Sunday, March 11, 2007

Edison goes to Diva, discovers Light



First, there was an article in the Georgia Straight about Diva, a restaurant at the downtown Metropolitan Hotel, hence Diva at the Met. The review was mostly about Diva's scientific cooking. Using new tech to do things to food that had not been possible to do before. Our local North Shore News followed with its review of Diva (far from a new restaurant), mostly about the tech as well, and the delicious things machines like the circulator which allows food to be cooked Sous Vide, vacuum-packed. Both reviews really made me want to go to this restaurant, although the reviews were all about the dinner menus. Fumiyo and her friend planned to eat downtown anyway, so I suggested we try Diva.
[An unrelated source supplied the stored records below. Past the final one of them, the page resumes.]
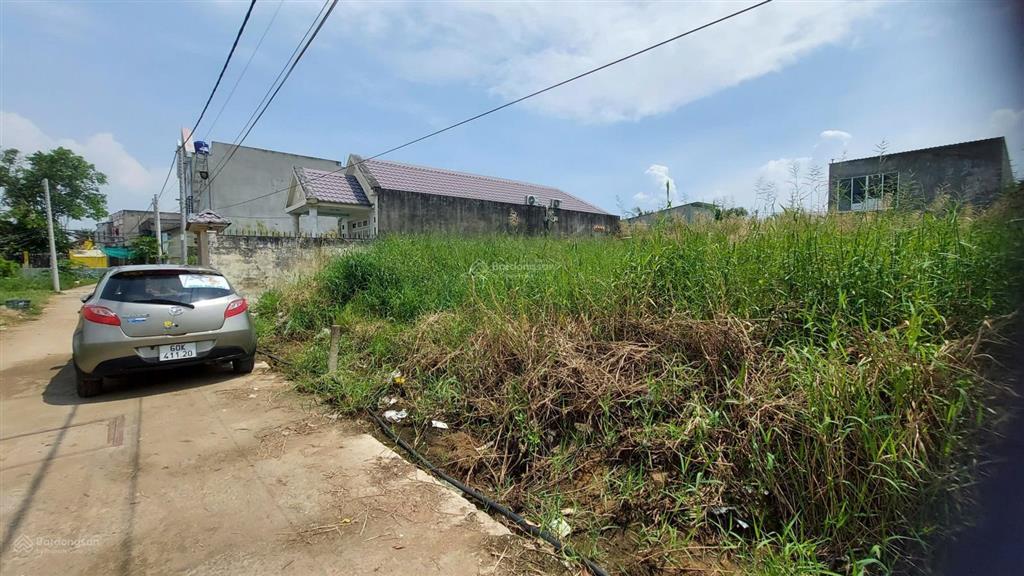 Bán đất ngay đình chánh long an gần ubnd xãgần các dự án t&t milenium sổ đỏ dt 110m2 giá 2tỷ200tr.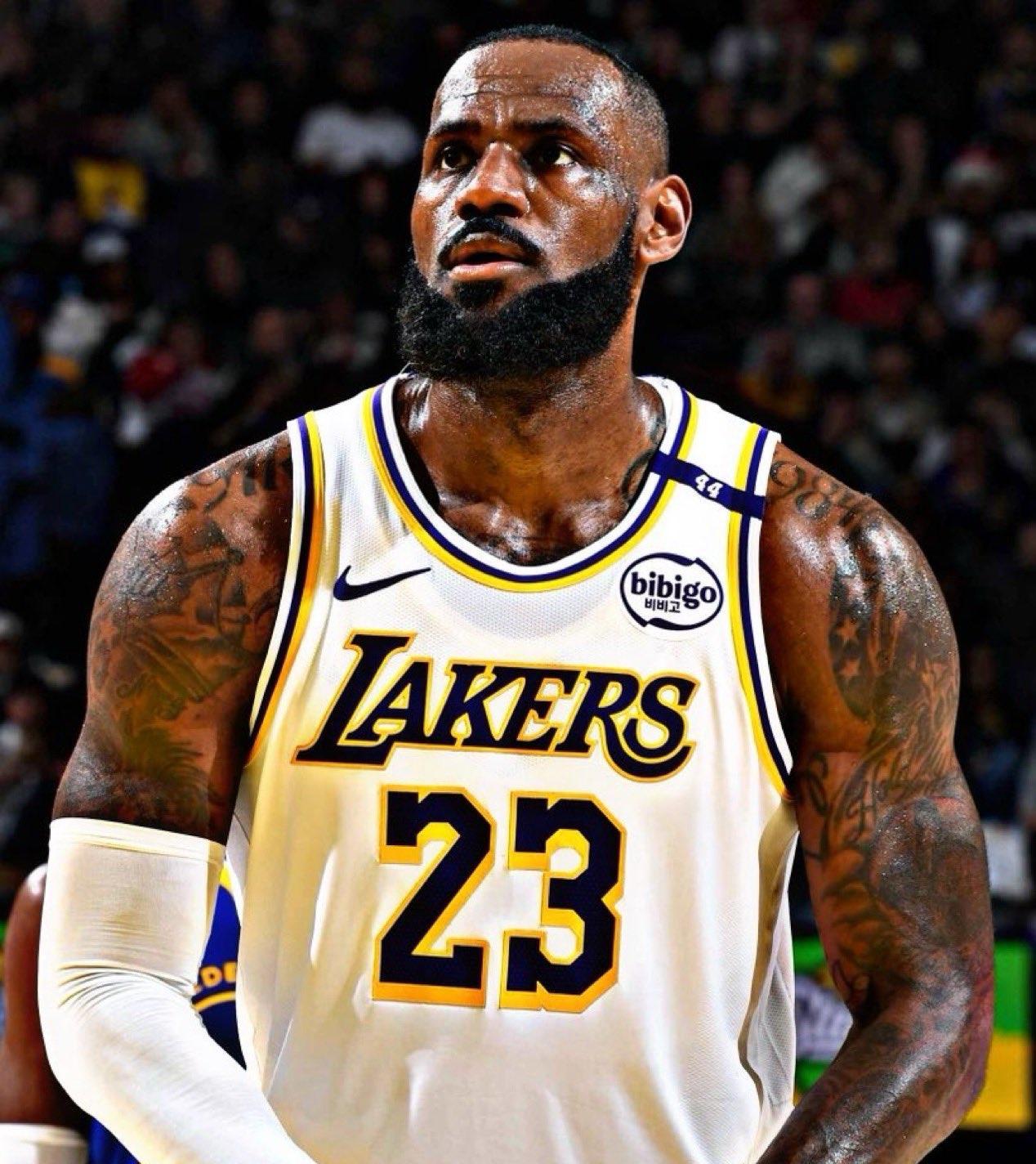 包含洛杉矶湖人训练开放日，国际比赛日强势反弹引欢呼，社区盾在即，阵容厚度经受考验的词条-问鼎体育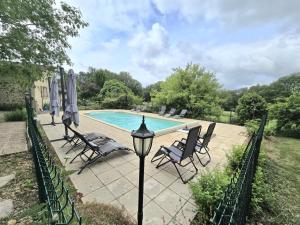 Maison spacieuse avec piscine privée au cœur du Périgord Noir, proche sites touristiques majestueux - FR-1-616-254の敷地内または近くにあるプール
The things on the online lunch menu were different from what we actually found at the restaurant and its paper menu, so I wasn't as prepared as I thought I'd be.
The dish pictured above was one such. Shrimp and orange slices went together miraculously. The small, odd Amazon on top was best left in Brazil and the croquette, though creamy and tasty went the other direction from the succulent shrimp/citrus marriage.


Fumiyo and Kuniko both wanted soup and salad, so Diva split the orders and brought them both each the above crisp caesar salad: hearts of romaine, garlic basil crostini, parmesan cheese as well as the non-on line menu item, what Fumiyo recalls as a kind of pea soup with cilantro and a pakora, an Indian odditiy. I had a spoonfull of the soup and found it delicious.
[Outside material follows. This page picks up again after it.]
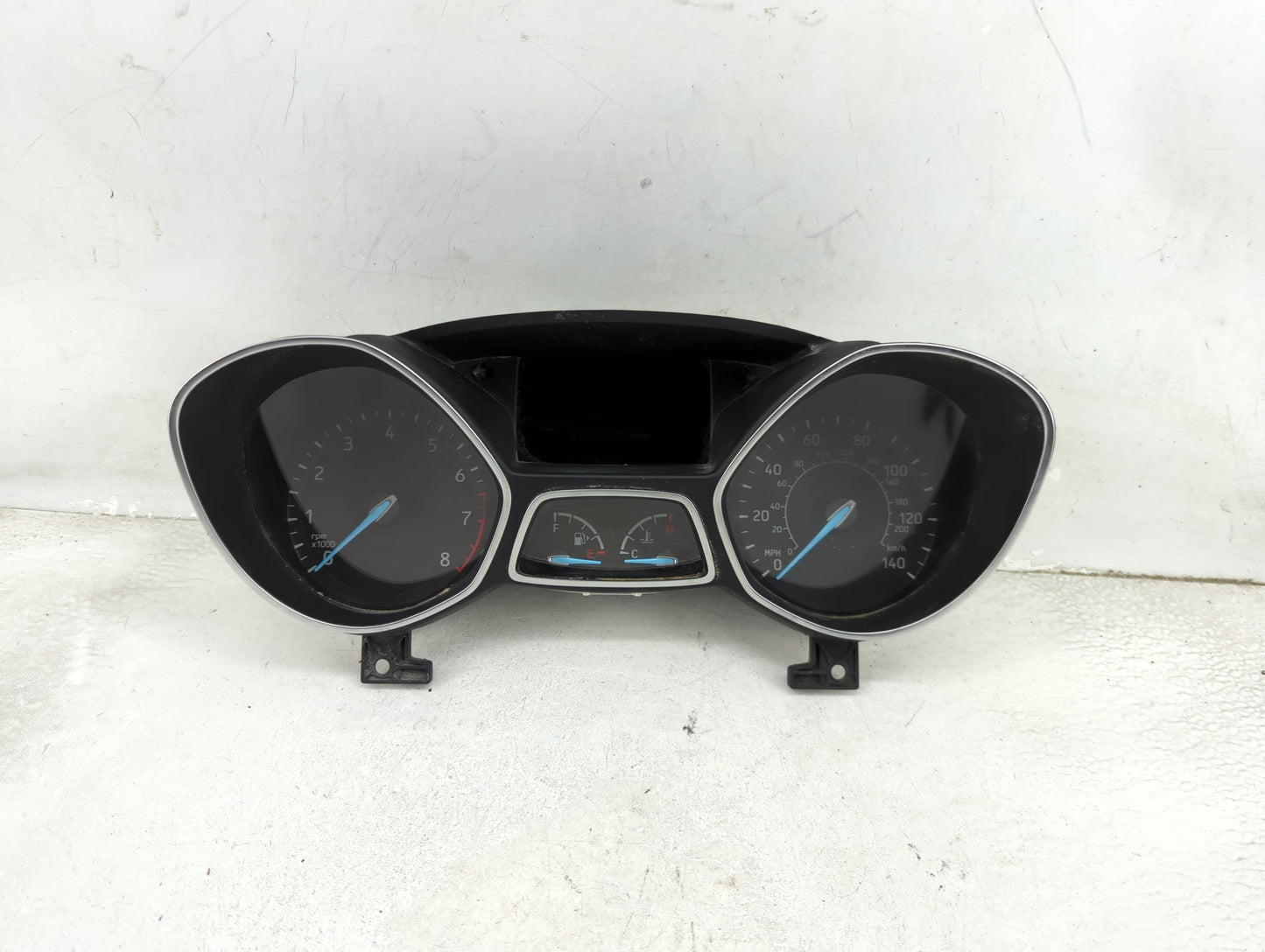2018 Ford Escape Instrument Cluster Speedometer Gauges P/N:VPCL8F-10894-B Miles: Fits OEM Used Auto Parts - Oemusedautoparts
This scallop dish isn't the one on the online menu either. It came in a thick risotto that was wonderful but too heavy, even for dinner for me. I just feasted on the scallops and took the risotto home. While I was enjoying this, Fumiyo gave me a bit of her "Grilled wild sockeye, duck fried rice, cashew carrot, lobster nage."
Or maybe it's something else again. The bite I had of it was the best bite of salmon I've ever had at a restaurant. The sliver of shitake I had was the best shitake (and I had tons of them in Japan), no, make that the BEST MUSHROOM I'VE EVER EATEN. And it's not even listed as an ingredient. I would imagine both fish and fungus were sous vided in some miraculous way.

I had a glass of Cava (Spanish sparkling wine) with my citrus shrimp- a perfect combination I ordered on my own, then asked the server to reccommend a wine (the restaurant is famous for its wine list) to have with the scallops. It was also a fine pairing, but as usual Not Cold Enough.

"Molecular gastronomy" they call this high tech cooking and I can't wait to try the dinner menu. Imagine if Edison were as much into food as he was into machinery. Maybe he would have invented this kind of cooking gear a century ago. Well, at least it has happened in my lifetime.